1) Use java language functionality to get the binary format string and then check character at specific position
2) Keep dividing by 2 and decide the bit value at certain position.
public static void main(String[] args) {
Integer n =1000;
String binaryFormat = Integer.toString(n, 2);
int binaryFormatLength = binaryFormat.length();
System.out.println("binaryFormat="+binaryFormat);
for(int i = 1;i<10;i++){
System.out.println("isBitSet("+n+","+i+")"+isBitSet(n,i));
System.out.println((binaryFormatLength>=i && binaryFormat.charAt(binaryFormatLength-i)=='1'));
}
}
public static boolean isBitSet(int number, int position){
int currPos =1;
int temp = number;
while(number!=0 && currPos<= position){
if(temp%2 == 1 && currPos == position)
return true;
else{
temp = temp/2;
currPos ++;
}
}
return false;
}
Output
binaryFormat=1111101000
isBitSet(1000,1)false
false
isBitSet(1000,2)false
false
isBitSet(1000,3)false
false
isBitSet(1000,4)true
true
isBitSet(1000,5)false
false
isBitSet(1000,6)true
true
isBitSet(1000,7)true
true
isBitSet(1000,8)true
true
isBitSet(1000,9)true
true
declare a temp int and make it equal the original.
then shift temp >> x times, so that the bit you want to check is at the last position. then do temp & 0xf to drop the preceding bits.
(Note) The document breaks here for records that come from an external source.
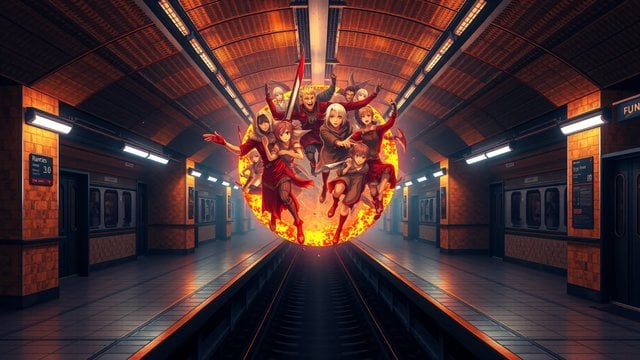 Anime Heroes in Fiery Portal Subway Station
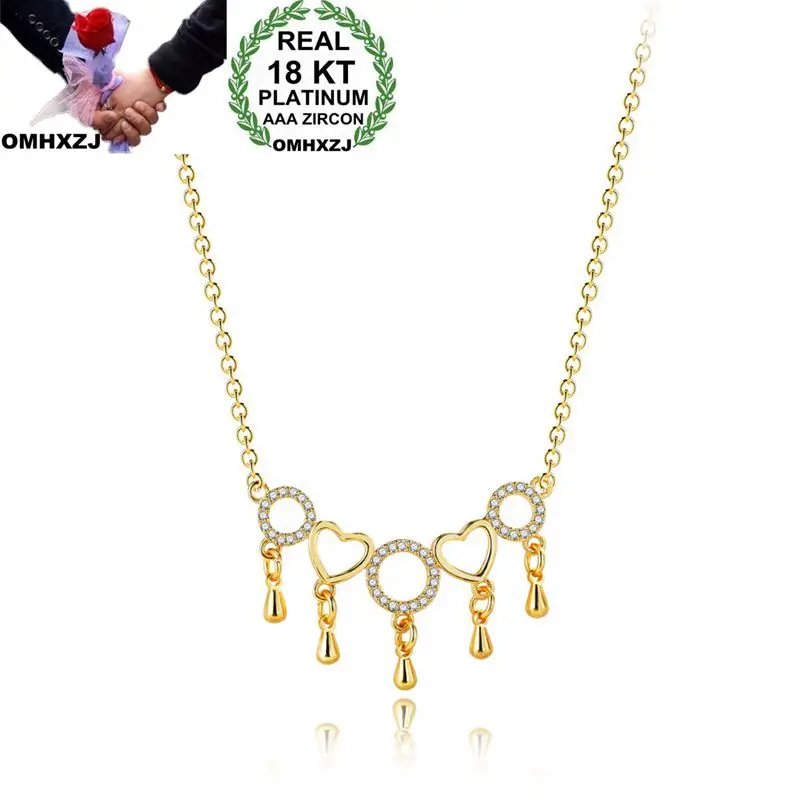 OMHXZJ Wholesale Personality Fashion Woman Girl Party Wedding Gift Gold Round Heart AAA Zircon 18KT Gold Pendant Necklace NC119
OMHXZJ Wholesale Personality Fashion Woman Girl Party Wedding Gift Gold Round Heart AAA Zircon 18KT Gold Pendant Necklace NC119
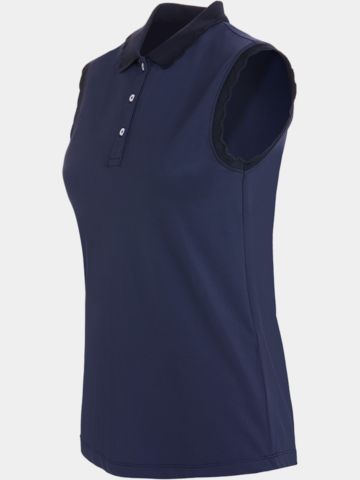 Valiente Wellen-Rib Nylon-Pique ohne Arm Polo navy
Now left with last bit. Finally do if (y & 1 == 0), if last bit is a 1, that should equal 0, else will equal 1. Its either that or if (y+0x1 == 0)... not too sure. fool around and see
I coded a little static class which is doing some of the bit operation stuff.
public final class Bitfield {
private Bitfield() {}
// ********************************************************************
// * TEST
// ********************************************************************
public static boolean testBit(final int pos, final int bitfield) {
return (bitfield & (1 << pos)) == (1 << pos);
}
public static boolean testNum(final int num, final int bitfield) {
return (bitfield & num) == num;
}
// ********************************************************************
// * SET
// ********************************************************************
public static int setBit(final int pos, final int bitfield) {
return bitfield | (1 << pos);
}
public static int addNum(final int number, final int bitfield) {
return bitfield | number;
}
// ********************************************************************
// * CLEAR
// ********************************************************************
public static int clearBit(final int pos, final int bitfield) {
return bitfield ^ (1 << pos);
}
public static int clearNum(final int num, final int bitfield) {
return bitfield ^ num;
}
}
If there are some questions flying around, just write me an email.
Good Programming!
Eliminate the bitshifting and its intricacies and use a LUT for the right and operand.